Further, we will build a function called `assign_count` that 

 * Takes *word* as input. 
 * Adds to the variables *high_count* or *low_count* (assigned 0 at the beginning) for the word in *clean_question* by checking if the word was assigned 1 in *high_value* or *low_value*. 
 * Returns *high_count* and *low_count*. 

In [20]:
def assign_count(word):
    low_count = 0
    high_count = 0
    
    for index, row in jeopardy.iterrows():
        split_question = row['clean_question'].split(" ")
        if word in split_question:
            if row['high_value'] == 1:
                high_count += 1
            else:
                low_count += 1
                
    return high_count, low_count     

Let us now pick *10* random words from *terms_used* and apply *assign_word* function on those words and calculate the *high_count* and *low_count*. 

In [21]:
# create a list of 10 random words from terms_used
comparison_terms = random.sample(terms_used, k=10)
comparison_terms= list(comparison_terms)

#create an empty list
observed_expected = []

#apply the function and append to the empty list
for term in comparison_terms:
    observed_expected.append(assign_count(term))

for i,j in zip(comparison_terms,observed_expected):
    print(i,":", j)

receives : (1, 1)
arnold : (0, 4)
stretched : (0, 4)
defender : (1, 2)
highest : (15, 45)
gullet : (0, 1)
contribution : (0, 2)
giannini : (0, 1)
ailuropoda : (0, 1)
smothered : (0, 1)


We have successfully calculated the `Observer Counts` (i.e. *the number of high value questions the word occurs in* and *the number of low value questions the word occurs in*) for *10* random words from *terms_used*.

## 7. Applying the Chi-squared Test

In this section we are going to compute the `expected counts` and `chi-squared values` for the selected 10 words. In order to calculate *chi-squared value* and *p-value* we use `scipy.stats.chisquare` function.

In [22]:
#calculate the number of rows with 'high_value = 1' & 'high_value = 0'
high_value_row = jeopardy[jeopardy['high_value']==1]
low_value_row = jeopardy[jeopardy['high_value']==0]

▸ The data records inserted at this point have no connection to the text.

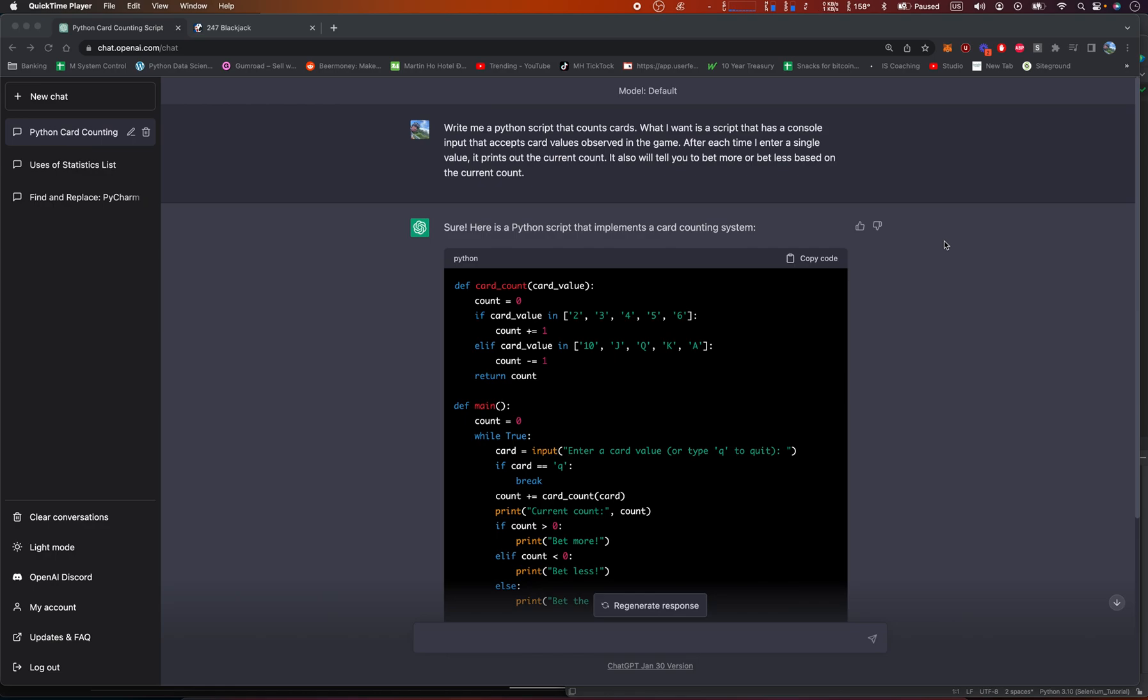Hey everybody, how's it going? Jonathan here. In this video, I said to ChatGPT, write me a Python script that counts cards.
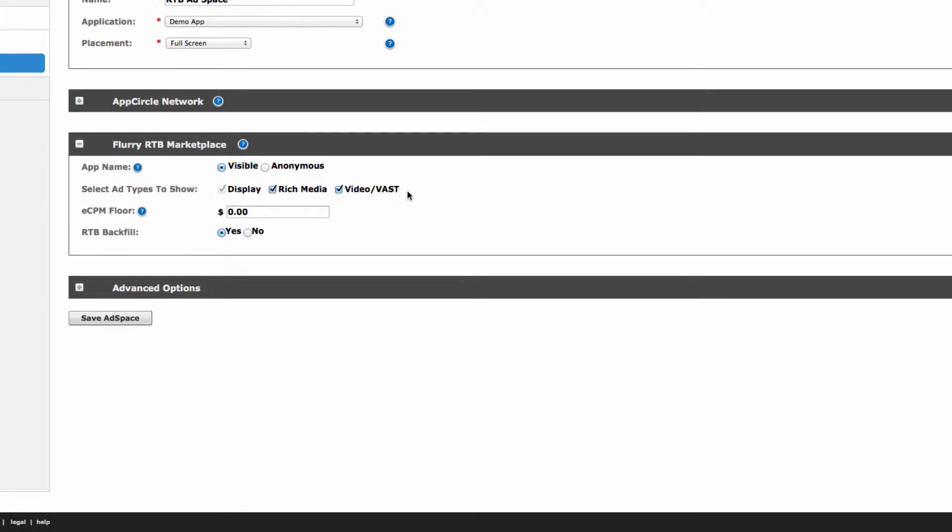Next, select what ads you'd like to show in your ad space. Display ads are included by default, and you can decide whether you'd like to show rich media or vast video ads by selecting the respective checkboxes. We'll leave all three selected for this demo, as this maximizes the ads available to your inventory.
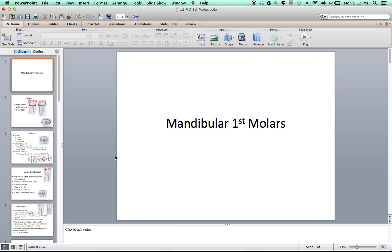That's it for the mandibular first molar. Thanks for watching — leave your comments below, like the video, and don't forget to subscribe.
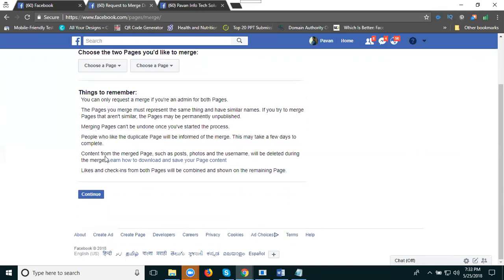Content from the merged page such as posts, photos, and username will be deleted during the match. After the merge is complete, A will be removed. Likes and check-ins from both pages will be combined and shown on the remaining page.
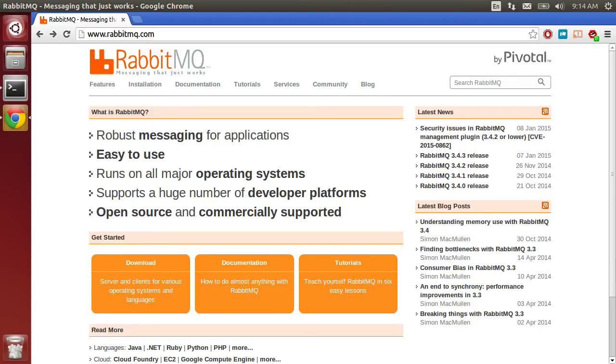Welcome to Watch Me Code. In this episode, I'm going to show you how to install RabbitMQ on Ubuntu Linux.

high_value_count = len(high_value_row)
low_value_count = len(low_value_row)

#create an empty list
chi_squared = []

#loop through each list in observed_expected
for values in observed_expected:
    #add the values to get total sum
    total = sum(values)     
    
    #get the total proportion
    total_prop = total / len(jeopardy) 
    
    #calculate expected high value count
    expected_high_value_count = total_prop * high_value_count
    
    #calcute expected low value count
    expected_low_value_count = total_prop * low_value_count
    
    expected = np.array([expected_high_value_count, expected_low_value_count])
    observed = np.array([values[0], values[1]])
    
    #calculate chisquare value using expected & observed arrays
    chi_squared.append(chisquare(observed, expected))
    
chi_squared

[Power_divergenceResult(statistic=0.4448774816612795, pvalue=0.5047776487545996),
 Power_divergenceResult(statistic=1.607851384507536, pvalue=0.20479409439225948),
 Power_divergenceResult(statistic=1.607851384507536, pvalue=0.20479409439225948),
 Power_divergenceResult(statistic=0.03188116723440362, pvalue=0.8582887163235293),
 Power_divergenceResult(statistic=0.39546649626611535, pvalue=0.5294398839801588),
 Power_divergenceResult(statistic=0.401962846126884, pvalue=0.5260772985705469),
 Power_divergenceResult(statistic=0.803925692253768, pvalue=0.3699222378079571),
 Power_divergenceResult(statistic=0.401962846126884, pvalue=0.5260772985705469),
 Power_divergenceResult(statistic=0.401962846126884, pvalue=0.5260772985705469),
 Power_divergenceResult(statistic=0.401962846126884, pvalue=0.5260772985705469)]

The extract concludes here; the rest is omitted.